The former President was born on October 15, 1931, at Rameswaram and had his school education, first at the Panchayat Elementary School on the island and then at Schwartz High School in Ramanathapuram town. He obtained a BSc (Physics) degree from St. Joseph’s College, Tiruchi, in 1954 and completed a three-year diploma course in Aeronautical Engineering from the MIT, Chromepet, Chennai, in 1960. He joined the Bangalore-based Aeronautical Development Establishment (ADE) of the DRDO as a scientist the same year. In 1969, he joined the ISRO.

Sivasubramania Iyer, Iyadurai Solomon, Reverend Father Ladislaus Chinnadurai, Isaac Vedamuthu and K.V.R. Pandalai, who were Kalam’s school and college teachers, were his heroes. In an interview to this reporter on the 25th anniversary of the successful launch of the SLV-3 and published in The Hindu on July 28, 2005, he said about his interest in aeronautics:

“It all started when I was a 10-year-old boy. I was studying in the fifth class at the Rameswaram Panchayat Elementary School. We had a teacher. His name was Sivasubramania Iyer. He used to teach geography, science and hygiene. One day, he was teaching us how birds flew. He drew a diagram on the board, depicting wings, the tail and the body structure along with the head. He explained how birds created the lift and flew. He also explained to us how birds changed direction while flying. Many of us did not understand it. I said I did not.

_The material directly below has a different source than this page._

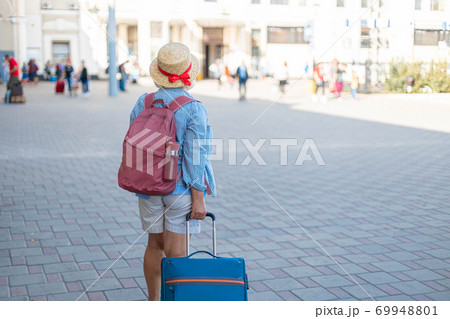 Woman traveler tourist in blue casual clothes, hat with backpack and carry-on luggage stands on the platform of the station. Woman traveler tourist in blue casual clothes, hat with backpack and carry-on luggage stands on the platform of the station. 69948801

“Our teacher said he would take all of us to the seashore. That evening, the whole class was at the shore at Rameswaram. He showed how the seabirds flew, how the seagulls flew. He indicated to us what the birds did to flap their wings and what their tails did. He explained to us all those things. The way Sivasubramania Iyer explained, I understood it. But the important thing was that from that day he injected into me the dream of something to do with flight. I did not know flight science. But he definitely injected me how to dream, to have a dream, to fly high and secondly, to do something later with the science of flight…the seeding. That is how it started.”